I slide it into the inky water and leap in and we are off. Bliss. There is sometimes a sense of adventure in the early morning you do not get at other times of the day, almost like you are the first human to have passed this way. In truth the early Maori were ploughing this water way 600 years ago in dug outs, trading flax and food.
We passed a pied shag flying, business like down the river, this is their highway, shags fly close to the water surface and very fast. Every bird has its signature of flight. Around the next sweeping bend called tug hard` after the trade ships that use to get stuck here, we see a skitterish flock of needle legged pied stilts. They are most unconcerned by our presence as we sweep by, carried on the tidal current. They carry on their bickering.

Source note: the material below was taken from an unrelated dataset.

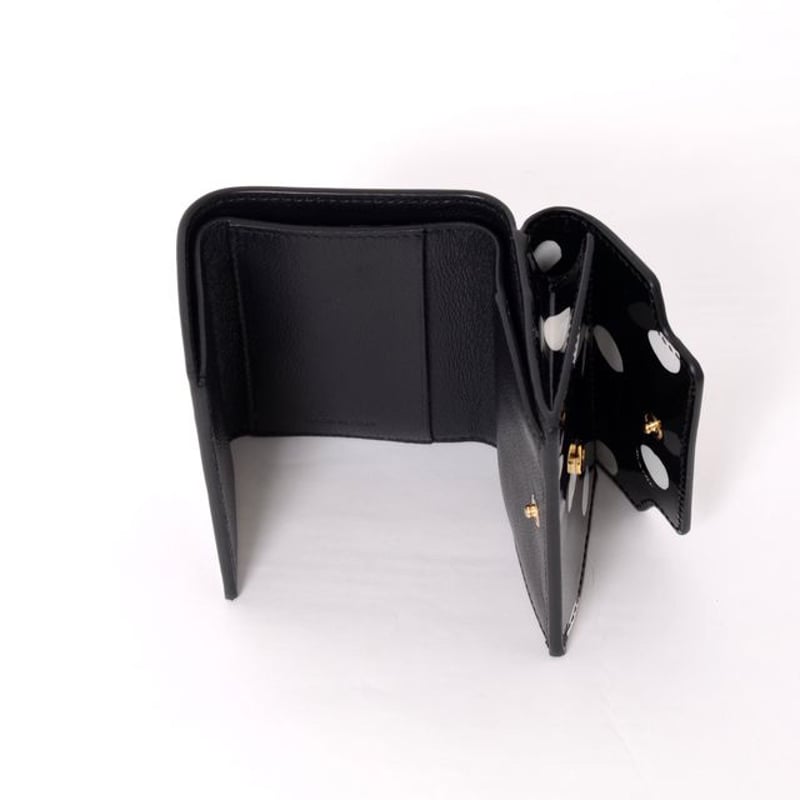 マルニ Marni 三つ折り財布 パテントレザー 水玉 | YOKOAUNTY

As we start to leave the river and enter the Wairau estuary the sun starts to peep up over the boulder bank to the east. Its light bathes us in warm light and makes the water off my paddle turn to gold. A moment of silence. The reason I have come to my mecca is in hope of seeing the arrival of the bartailed godwit, the legendary bird that has captured the imagination of us all.
Low on the horizon I see a twinkling like haze. It`s nothing but then it materializes and a definite grey and pulsing patch hangs in the sky. I can hardly believe my eyes when quickly the flock of bartailed godwit like apparitions land lightly in the sand 10 metres away, they immediately start to probe the sand for food that they flew 12,000 km to feast on.
I am a lucky man because I get to see miracles on a daily basis.